Los desplazados huyen mientras mueren. Es fácil seguir
sus rastros. Sus rastros son largos caminos con cadáveres.
Cuando se termina de recorrer esos caminos, uno, también,
es un cadáver.
Día 1:
La sanidad es algo desconocido en el mundo de los
desplazados. Los heridos se pudren hasta que mueren. Los niños enferman
de pestes elementales de las que en otros mundos se habla como si sólo quedaran
en los libros de texto de antiguas escuelas médicas, cuando aún nadie había
dado siquiera con el láudano y ni qué decir de la penicilina. Los niños se
enferman de las pestes del comienzo del mundo y luego mueren. Las embarazadas abortan
mientras escapan de la persecución arrastrando a los hijos que les quedan. Se
ocultan en lugares con fieras y luego mueren por sepsis porque no hay ni agua
ni alimento ni cobijo. Sólo la vastedad de un mundo a través del que huir sin
un destino que quede más allá.
El camino de los desplazados ni siquiera tiene tumbas.
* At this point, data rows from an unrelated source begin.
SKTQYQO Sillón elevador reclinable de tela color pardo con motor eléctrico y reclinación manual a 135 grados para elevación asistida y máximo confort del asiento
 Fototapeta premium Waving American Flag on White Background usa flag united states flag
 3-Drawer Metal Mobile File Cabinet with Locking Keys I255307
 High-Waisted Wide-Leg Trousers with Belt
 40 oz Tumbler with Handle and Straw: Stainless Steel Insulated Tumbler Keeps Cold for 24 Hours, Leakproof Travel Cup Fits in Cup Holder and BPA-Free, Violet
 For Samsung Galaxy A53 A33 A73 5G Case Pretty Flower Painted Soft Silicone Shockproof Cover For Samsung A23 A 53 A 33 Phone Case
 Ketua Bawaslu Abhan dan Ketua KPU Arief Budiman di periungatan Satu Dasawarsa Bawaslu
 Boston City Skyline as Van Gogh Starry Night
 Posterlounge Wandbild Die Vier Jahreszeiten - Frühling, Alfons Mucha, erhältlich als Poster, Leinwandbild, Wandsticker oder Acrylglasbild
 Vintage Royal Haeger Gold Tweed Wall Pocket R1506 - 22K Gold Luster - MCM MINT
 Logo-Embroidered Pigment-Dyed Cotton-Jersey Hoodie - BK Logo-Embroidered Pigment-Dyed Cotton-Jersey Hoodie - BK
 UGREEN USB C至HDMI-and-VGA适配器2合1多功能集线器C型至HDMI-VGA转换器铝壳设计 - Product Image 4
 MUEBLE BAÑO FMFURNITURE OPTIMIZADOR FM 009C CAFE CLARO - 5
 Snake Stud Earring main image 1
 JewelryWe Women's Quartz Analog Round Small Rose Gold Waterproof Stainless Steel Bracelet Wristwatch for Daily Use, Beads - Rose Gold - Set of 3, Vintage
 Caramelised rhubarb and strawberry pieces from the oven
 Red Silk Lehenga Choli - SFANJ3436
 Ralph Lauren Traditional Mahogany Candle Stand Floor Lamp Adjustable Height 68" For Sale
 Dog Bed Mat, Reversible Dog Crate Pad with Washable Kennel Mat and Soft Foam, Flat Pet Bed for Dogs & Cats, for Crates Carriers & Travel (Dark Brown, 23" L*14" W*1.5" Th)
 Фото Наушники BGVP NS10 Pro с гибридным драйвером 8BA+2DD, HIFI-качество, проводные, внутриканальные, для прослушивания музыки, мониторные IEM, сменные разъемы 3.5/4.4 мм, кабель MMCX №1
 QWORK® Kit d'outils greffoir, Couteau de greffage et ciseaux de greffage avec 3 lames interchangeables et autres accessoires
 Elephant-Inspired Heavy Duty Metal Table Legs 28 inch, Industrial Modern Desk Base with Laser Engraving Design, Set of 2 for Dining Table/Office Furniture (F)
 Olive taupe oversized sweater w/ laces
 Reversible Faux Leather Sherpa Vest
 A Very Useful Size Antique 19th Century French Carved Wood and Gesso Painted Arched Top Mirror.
Uno va atravesando aldeas quemadas donde hay gente quemada
que previamente fue despedazada a filo de machete. El machete es el arma ritual
de las masacres y produce grandes charcos de sangre que se estanca y queda ahí.
Cuando la masacre termina sólo quedan las moscas y los bichos con hambre
concurren a ese festín de restos mientras el perseguidor sigue su marcha detrás
de los huyentes.
Uno aprende a entender a dónde se dirige porque va detrás
del predador, siguiendo sus cadáveres, hasta encontrarlo un día de faena en una
aldea igual a todas aquellas por las que ya corrió detrás de él, sin llegar
nunca a tiempo.
A veces es inútil perseguir al perseguidor de los
desplazados y arrastrar a los médicos en esa ruta señalizada por fuegos y
pedazos porque no queda nadie a quién curar.
Algunos desplazados se niegan a dejar el lugar donde han
nacido y se refugian en las zonas con árboles o en los altos pastizales y
permanecen ahí, como si fueran árboles o pastos, inmóviles y con la boca
apoyada en la tierra para ahogar el grito y el espanto y así se los encuentra,
casi tan muertos en su horror como sus propios muertos en sus muertes.
Los desplazados que escapan solo un trecho aparecen despacio
como si el viento de los incendios los trajera igual que a oscuros retazos de
ceniza. Y uno escucha sus gritos, sus lamentos, pero, por sobre todo, oye lo
sobrecogedor de sus silencios mientras juntan las partes de sus hijos, de sus padres,
de sus hombres y de sus mujeres.
Los médicos, a veces, no consiguen desdoblarse en el hombre que
salva y en el que presencia el horror.
Se quedan allí, como estatuas de médicos que alguien talló
en piedra curativa y abandonó a su suerte en ese coliseo catastrófico que
conforman estas zonas de guerra, porque no todas las zonas de guerra son iguales. Aquellos médicos muy jóvenes y que aún son idealistas reaccionan despacio, casi con dificultad,
hasta que logran un primer movimiento de socorro. Luego recuerdan que son médicos
y con su horror y vocación de médicos, intentan remediar lo poco remediable que
en estas aldeas queda en pie.
Nosotros levantamos el precario hospital de hule y pisamos la
sangre que sube casi hasta la capellada de las botas, como un lago fangoso en
el que se deleita un grueso mosquerío.
Levantamos ese precario hospital de hule y aprontamos las
palas porque siempre hay mucho que enterrar.